/ 22.06.2013
Meike Vollmar
König, Bürgermeister, Bundeskanzler? Politisches Wissen von Grundschülern und die Relevanz familiärer und schulischer Ressourcen
Wiesbaden: VS Verlag für Sozialwissenschaften 2012; 297 S.; 39,95 €; ISBN 978-3-531-18376-3Politikwiss. Diss. Mannheim; Begutachtung: J. van Deth. – Politisches Wissen ist demokratietheoretisch eine wichtige Voraussetzung für eine sinnvolle Partizipation am gesellschaftlichen und politischen Leben. Empirische Befunde skizzieren oft ein kritisches Bild über die tatsächlichen Wissensstände der Bevölkerung. Im Fokus der Untersuchungen stehen dabei meist Erwachsene oder Jugendliche. Untersuchungen zum politischen Wissen bei Kindern sind hingegen die Ausnahme. Diese Forschungslücke greift die Autorin auf und widmet sich der Erfassung und Entwicklung politischer Wissensstände von Kindern vor Eintritt in die Grundschule und am Ende ihres ersten Schuljahres. Für die quantitativ-empirische Untersuchung nutzt Vollmar dabei die Vorteile der Paneldaten des Projektes „Demokratie leben lernen“, bei der mehr als 700 Kinder an 17 Grundschulen in Mannheim sowie Lehrer und Eltern mit einem standardisierten Fragebogen befragt wurden. Dadurch ist es möglich, die Einflüsse der beiden wichtigsten Sozialisationsagenten – Familie und Schule – in Abgrenzung zueinander zu berücksichtigen. Die empirischen Analysen zeigen, dass Kinder politisch kein unbeschriebenes Blatt sind und dass zwischen Funktionswissen und politischer Perzeption als zwei unterschiedliche Dimensionen politischen Wissens unterschieden werden sollte. Zentrale Ergebnisse sind, dass familiäre ökonomische, kulturelle und soziale Ressourcen sich positiv auf das Funktionswissen der Kinder auswirken, aber nur vereinzelt auf ihre politische Perzeption. Bei den schulischen Ressourcen beeinflusst konsistent die Anzahl an Computern das Funktionswissen der Kinder, vor allem bei Kindern aus Haushalten mit wenig familiärem Einkommen, was die Notwendigkeit einer guten finanziellen Ausstattung der Schulen unterstreicht.
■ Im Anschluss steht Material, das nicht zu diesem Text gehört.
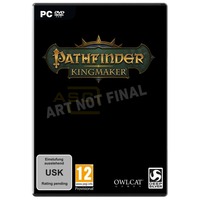 Pathfinder: Kingmaker 
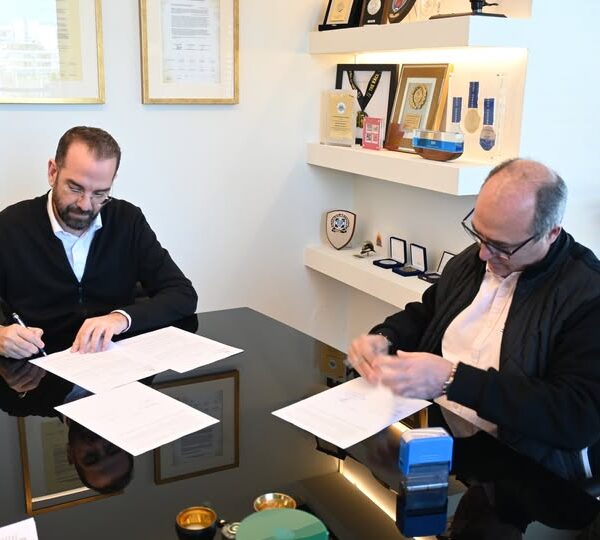 Νεκτάριος Φαρμάκης: Ξεκινά η ανακατασκευή του δρόμου Πριόλιθος – Κέρτεζη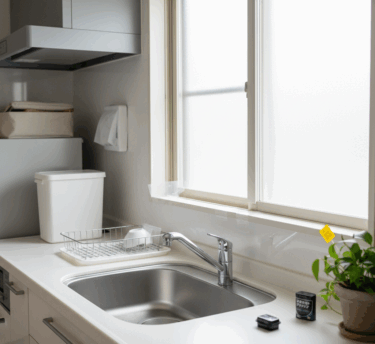 【Gが出た！】一人暮らしの虫対策完全ガイド｜遭遇した時の対処法から最強の予防策まで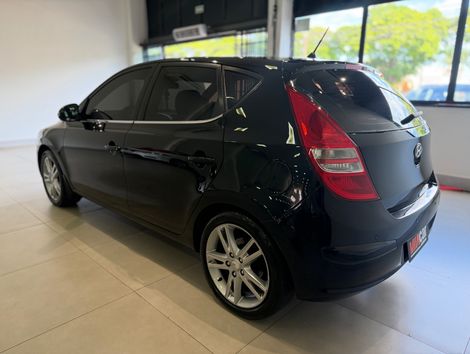 Hyundai i30 2.0 16V 145cv 5p Mec.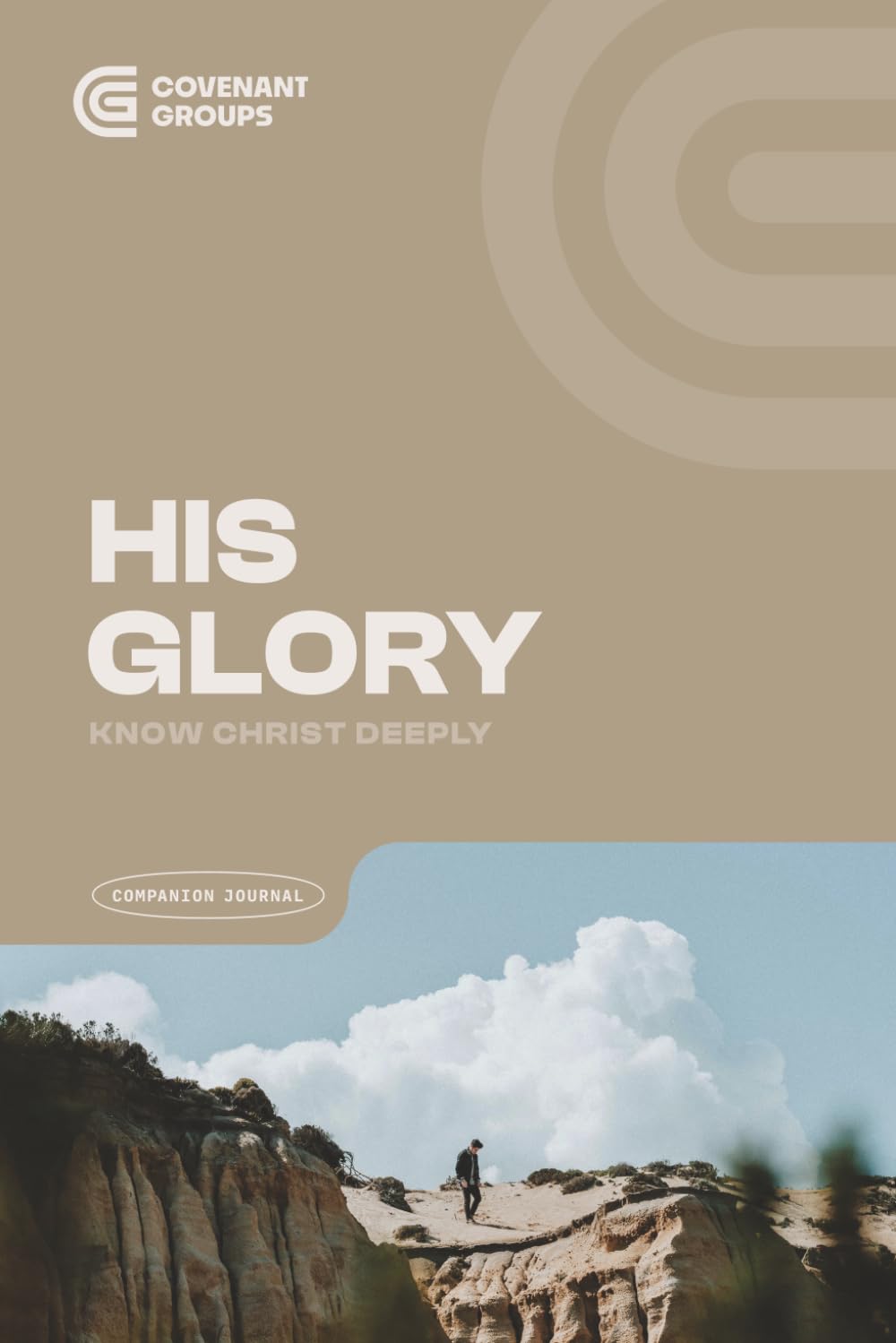 Book 7: HIS GLORY - Series Companion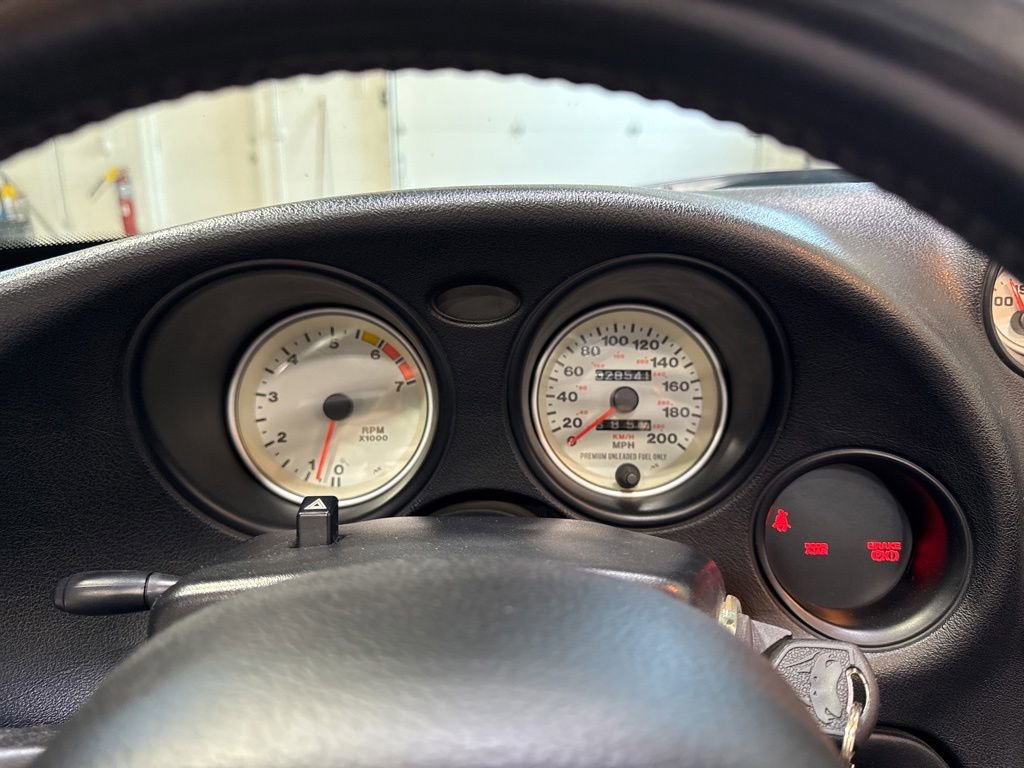 Used 2001 Dodge Viper RT/10 RWD image 13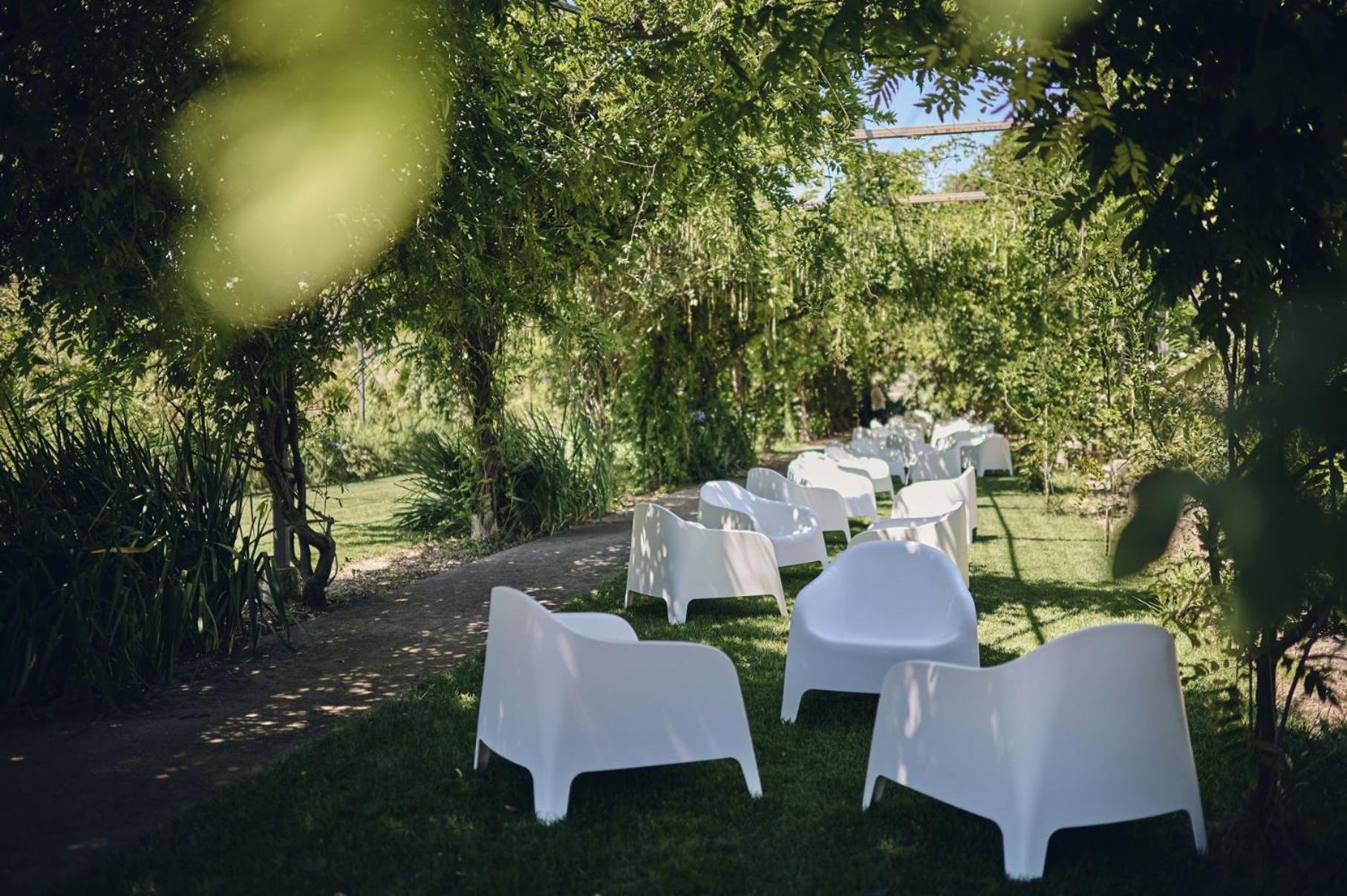 Ros'E Mari Green Home Hotel Oristano Kültér fotó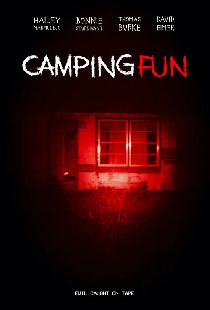 Camping Fun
Für die Entwicklung politischen Wissens stellt die Autorin fest, dass sich schulische Ressourcen positiv auf Wissensstände im Bereich der politischen Perzeption auswirken, wobei das kulturelle Kapital der Schulen und die Einstellung der Lehrer eine zentrale Rolle einnehmen.
Martin Schultze (MSC)
M. A., Politikwissenschaftler (Sozialwissenschaftler), wiss. Mitarbeiter, Institut für Sozialwissenschaften, Heinrich-Heine-Universität Düsseldorf.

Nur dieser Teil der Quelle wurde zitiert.